Lo suyo es de manual. Son los macarras de los comicios. Hoy habitan los márgenes, pero no dan tregua: “Anunciando el apocalipsis/van de salvadores”. Su especialidad es la narrativa del fraude electoral y otros mitos desinformativos. “Si no fueran tan dañinos/nos darían lastima”. Veamos:
– Si hay buen tiempo y los cementerios se portan generosos, el 17 de agosto unos siete mil difuntos saldrán a votar. No está mal. Para hacerse los vivos, usarán sus mejores trajes y mucho maquillaje. Varios deben regenerar huellas. Y actualizar su carnet. Nunca se ha visto uno en las urnas, pero el señor chillón de la tele nos ha dicho que en Bolivia “los muertos votan” (sic 1).
– Los finados sufragantes no son lo más grave. Un exdefensor del Pueblo, nada menos, con sobredosis de resentimiento, acaba de tuitear que existe “un millón de votos fantasmas” (sic 2). Pueden ser decisorios. ¿Dónde emiten su voto? En recintos y mesas también fantasmas, por supuesto. La fuente de su denuncia es una denuncia sin fuente. Suspiramos.

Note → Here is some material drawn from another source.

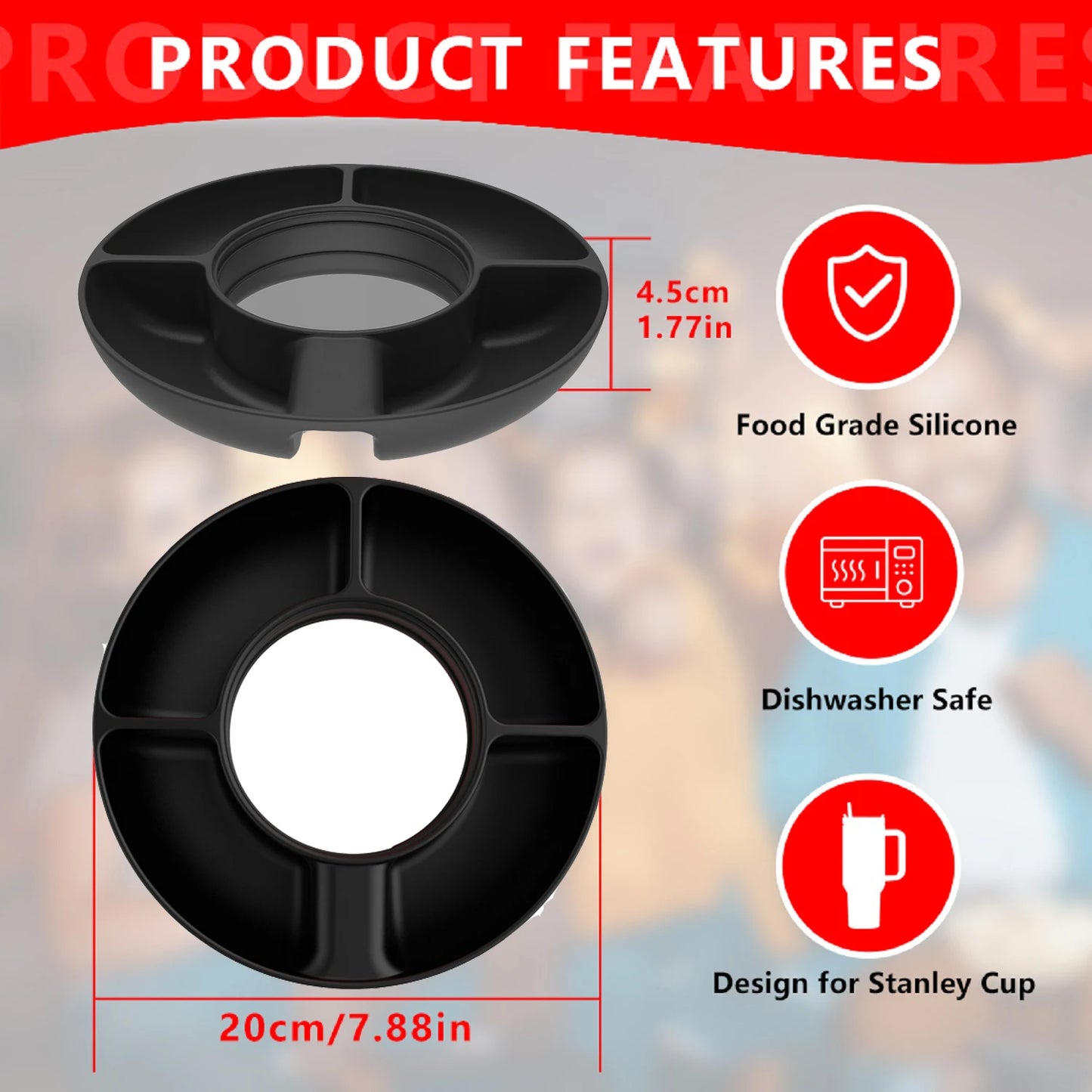 Bol à collations en silicone 🍲 Réutilisable - Léger avec 4 compartiments pour accessoires de la Coupe Stanley! 🏒✨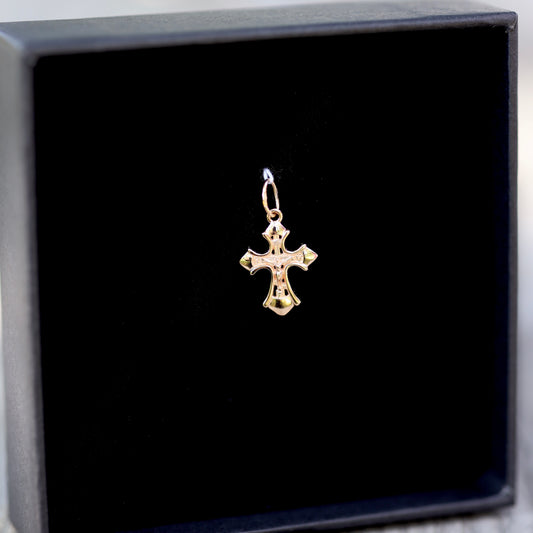 Золотий хрестик 585 проби | 14K Gold Cross Elegant Pendant| 5236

– Por si no bastaran muertos y fantasmas, habrá una gran invasión foránea. Tres señoras lanzaron la terrible alerta: “Maduro va a traer al país tres millones de venezolanos justo para las elecciones” (sic 3). ¿Se imaginan? “Huele mal, chicas”. No sabemos si podrán votar, pero seguro están adiestrados “para organizar después a las huestes”.
– Hay más. Como juran algunos grupúsculos raritos (un tal Conade, un tal Bunker, por ejemplo), en Bolivia “el voto rural vale tres veces más que el voto urbano” (sic 4). Existen muchos análisis y estudios que desmienten con evidencia semejante falacia, pero son todos embusteros. La única verdad es que el régimen electoral está diseñado para el “fraude sistémico” (ufa).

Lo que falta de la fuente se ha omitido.